For those of us on limited data allowances per month I thought a heads up about the new Microsoft 10 release was important.

It appears we have no choice, they are going to download it whether we say yes or no. 

I turned off my automatic updates yesterday because their stupid "reserve now" flag kept popping up. Recently I saw an unfamiliar file so I went looking to see what it was. It's Microsoft and it's causing issues with some computers so I deleted it. 

A few days later it was back, that's when I turned off the auto updates. So far it hasn't returned. This morning is when I learned about the forced download of 10. We are talking 2 to 3 gigs of data use if they download this thing.


----------



## Nm156 (May 16, 2015)

I hear ya, i'm watching to see if i can catch it and let it download on my free time between midnight and 5 am.


----------



## robin416 (Sep 8, 2013)

From what I'm reading, you can't schedule it. It might be best to turn off auto updates and wait up until two in the AM or get up early and then let it update. Thing is, no one knows when the release is going to happen.

I've only got a total of 6 gigs since I use a hot spot, there is no free time like the Sats have.


----------



## ricepaddydaddy (Jun 22, 2012)

I was gifted last year with an HP laptop with Windows 8.1. I really don't care for the Window 8.1, I'm used to Windows XP.
Is it true that 8.1 users will be able to upgrade to 10 free of charge?

Is this what you are talking about above?

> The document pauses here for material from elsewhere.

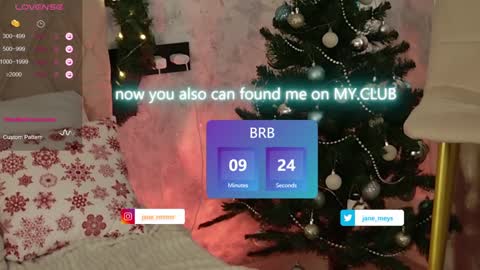 Snapshot of jane_meys chatting on December 24, 2024, 8:22 am your kitty JANE roawww online show from December 24, 2024, 8:22 am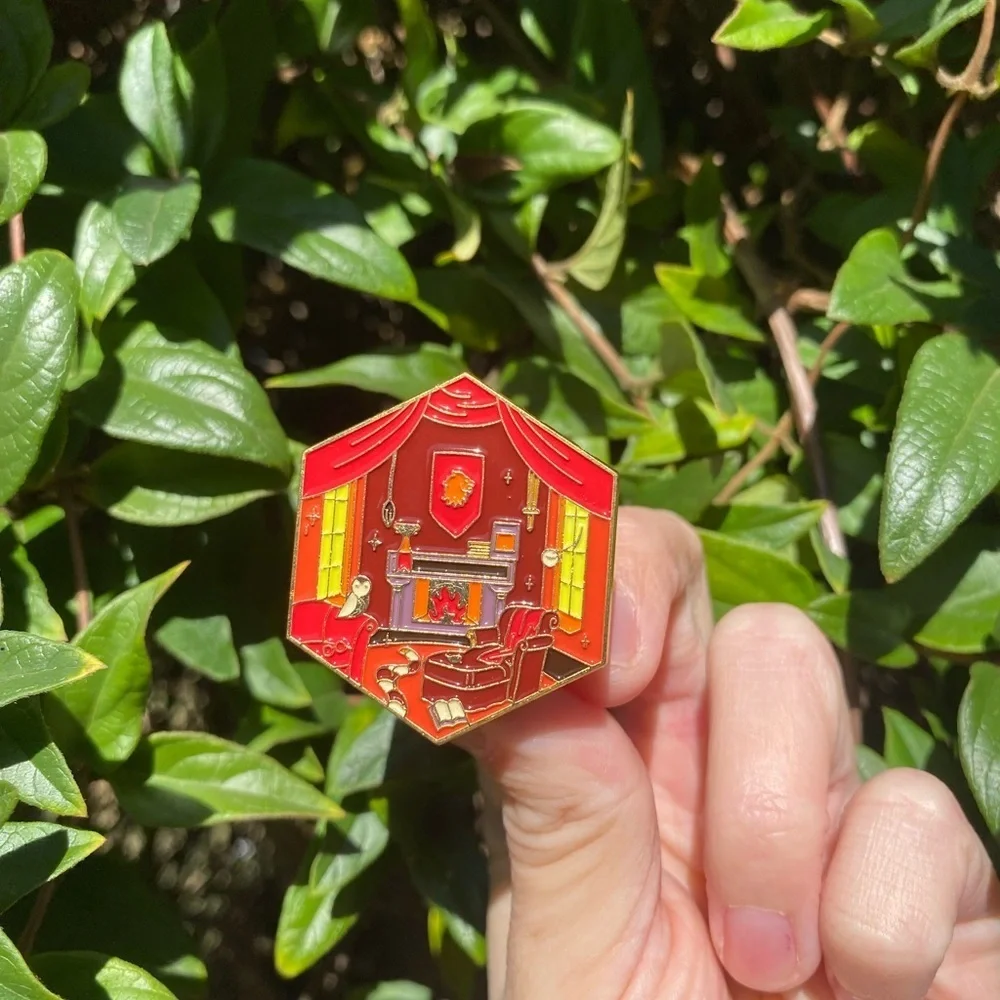 Harry Potter Gryffindor Common room Pin Engraved detailing NWT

I'm a computer dummy, so please excuse me if I'm asking stupid questions.


----------



## robin416 (Sep 8, 2013)

Not stupid at all. I intentionally ordered my new computer with 7 on it because of all the negative comments about 8. And 8 uses more data than 7.

Yes, you should be getting it. Do you see an unfamiliar icon on the lower left of your screen? That is the notification for the release of Windows 10. It says to reserve your copy to do whatever. I don't want it because of the file size and past issues when they first released Vista. It's going to have to be out there for a while before I venture in that territory. 

I also just learned, we can not prevent updates in the future with 10. That means if I'm close to my limit on data for the month it could push me over and cost extra bucks.


----------